Here are records with pictures in them. Copy all of them exactly and leave the pictures out.

——————

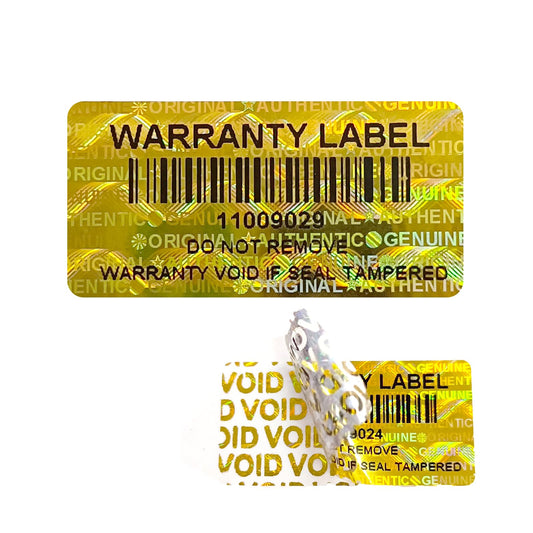 650pcs Hologram Tamper Evident Proof Stickers with Barcode,Security Labels Genuine Warranty Void Seal with Unique Serial Number(1.2 X 0.6 Inch Gold)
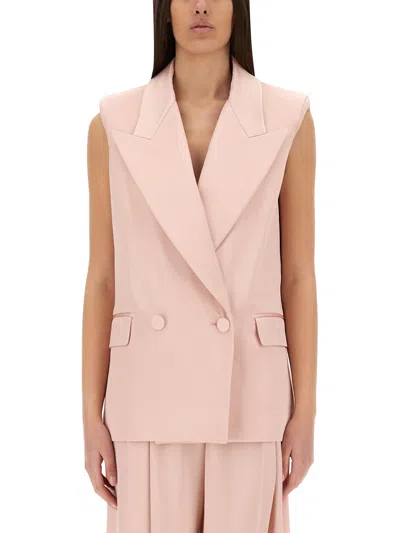 Nina Ricci Sleeveless Jacket With Double-breasted Button Detailing In Pink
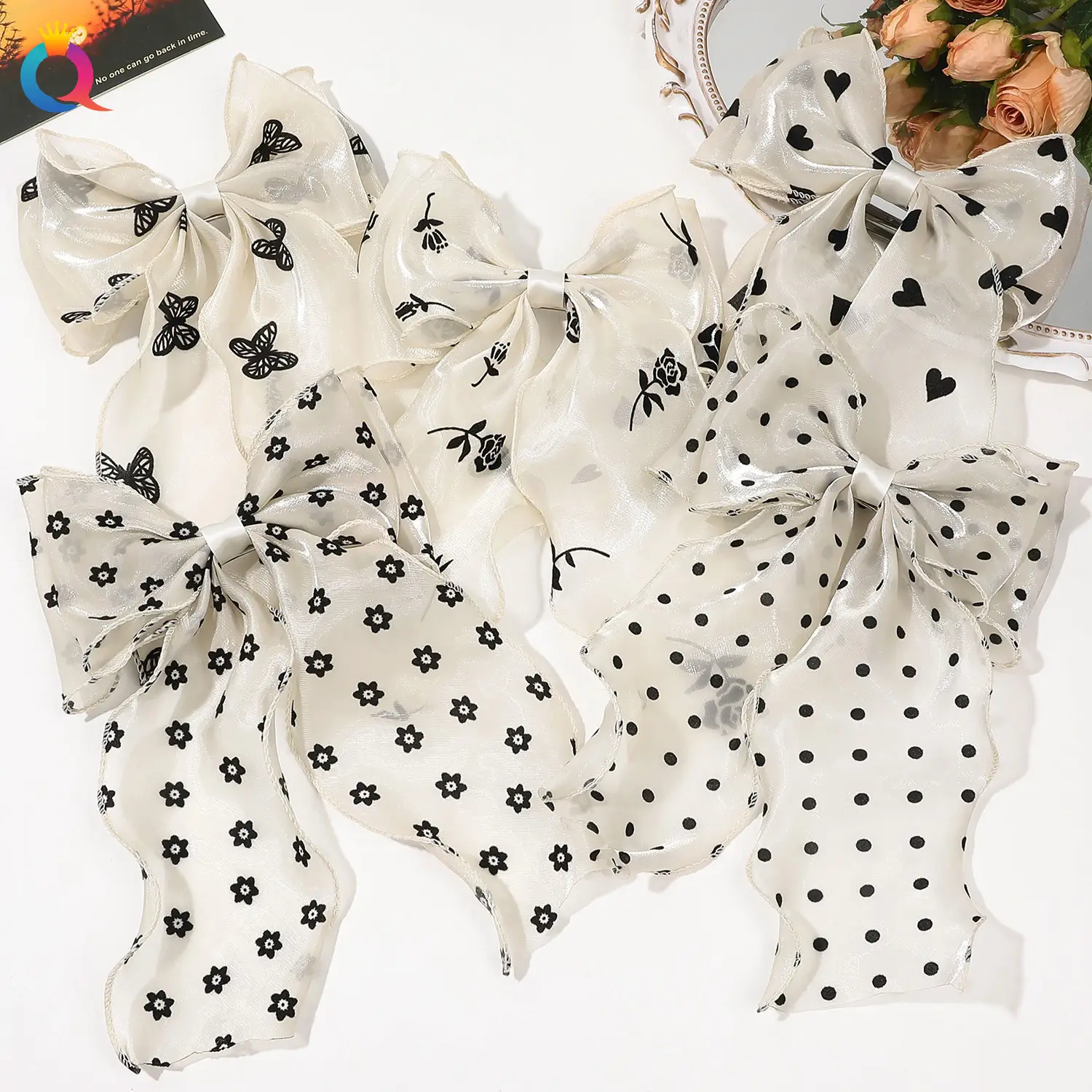 Maroon Bow Hairpin Mesh Ribbon Spring Clip Accessories — feature 33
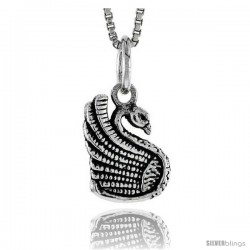 Sterling Silver Swan Pendant, 1/2 in tall -Style Pa1608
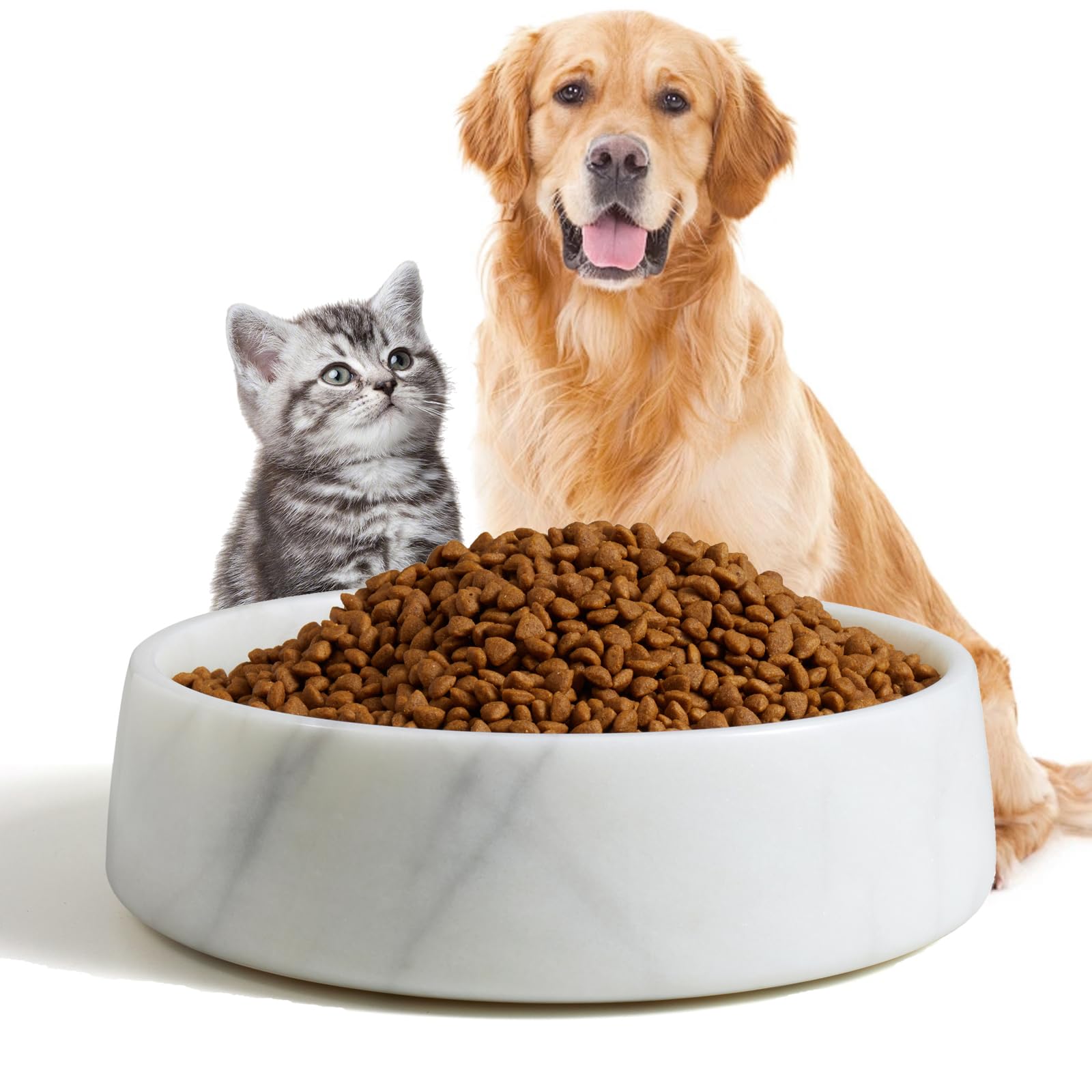 SAMAH Cuenco de mármol para perros, cuenco antideslizante para agua, plato grande de piedra con peso, cuenco de mármol natural resistente para gatos y perros grandes, regalos para mascotas, capacidad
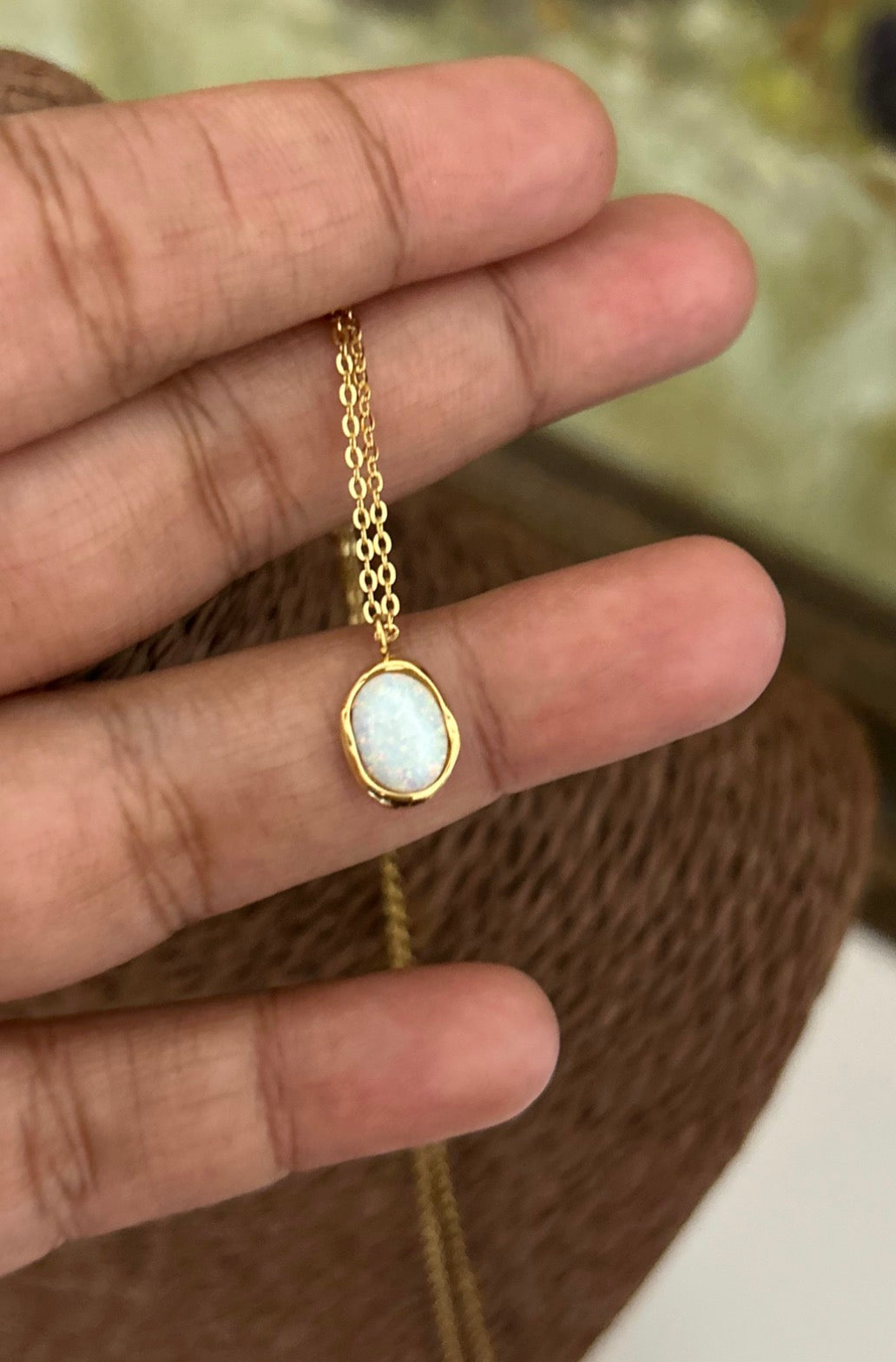 Dainty Opal Stainless Steel Necklace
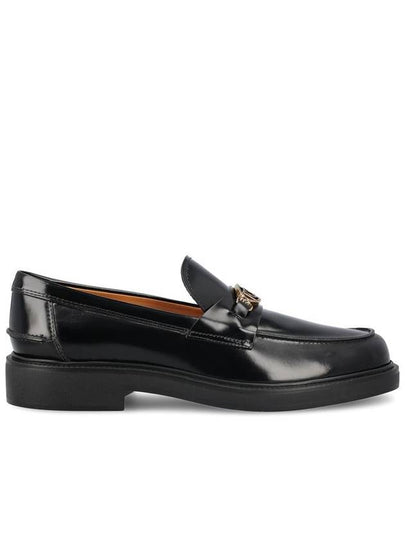 Metal Logo Leather Loafers Black - TOD'S - BALAAN 2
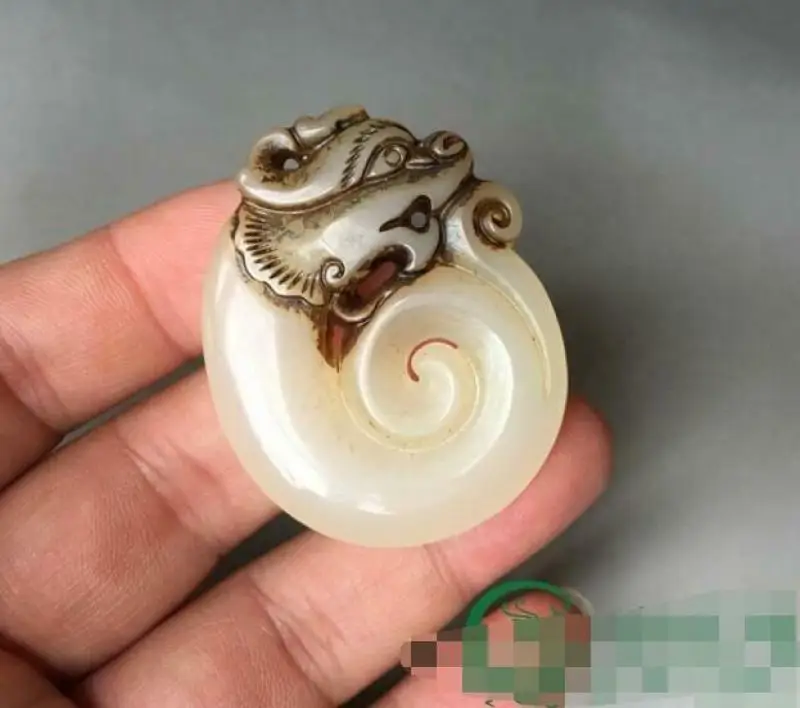 

Antiques Collectionold Jadeware Han White Jade Dragon Pendant Objects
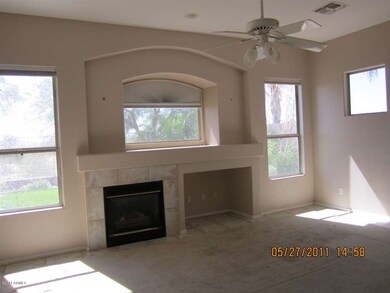 Fireplace in great room with views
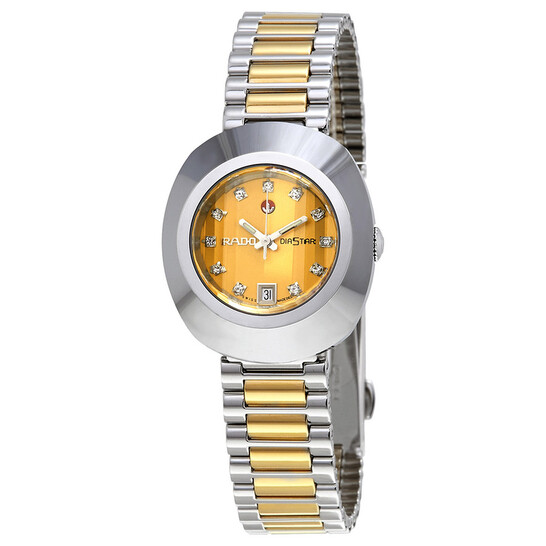 Rado Original Diastar Automatic Diamond Gold Dial Ladies Watch R12403633 - 546x546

——————

PROBLEM SOLUTION:
 650pcs Hologram Tamper Evident Proof Stickers with Barcode,Security Labels Genuine Warranty Void Seal with Unique Serial Number(1.2 X 0.6 Inch Gold)
 Nina Ricci Sleeveless Jacket With Double-breasted Button Detailing In Pink
 Maroon Bow Hairpin Mesh Ribbon Spring Clip Accessories — feature 33
 Sterling Silver Swan Pendant, 1/2 in tall -Style Pa1608
 SAMAH Cuenco de mármol para perros, cuenco antideslizante para agua, plato grande de piedra con peso, cuenco de mármol natural resistente para gatos y perros grandes, regalos para mascotas, capacidad
 Dainty Opal Stainless Steel Necklace
 Metal Logo Leather Loafers Black - TOD'S - BALAAN 2

Antiques Collectionold Jadeware Han White Jade Dragon Pendant Objects
 Fireplace in great room with views
 Rado Original Diastar Automatic Diamond Gold Dial Ladies Watch R12403633 - 546x546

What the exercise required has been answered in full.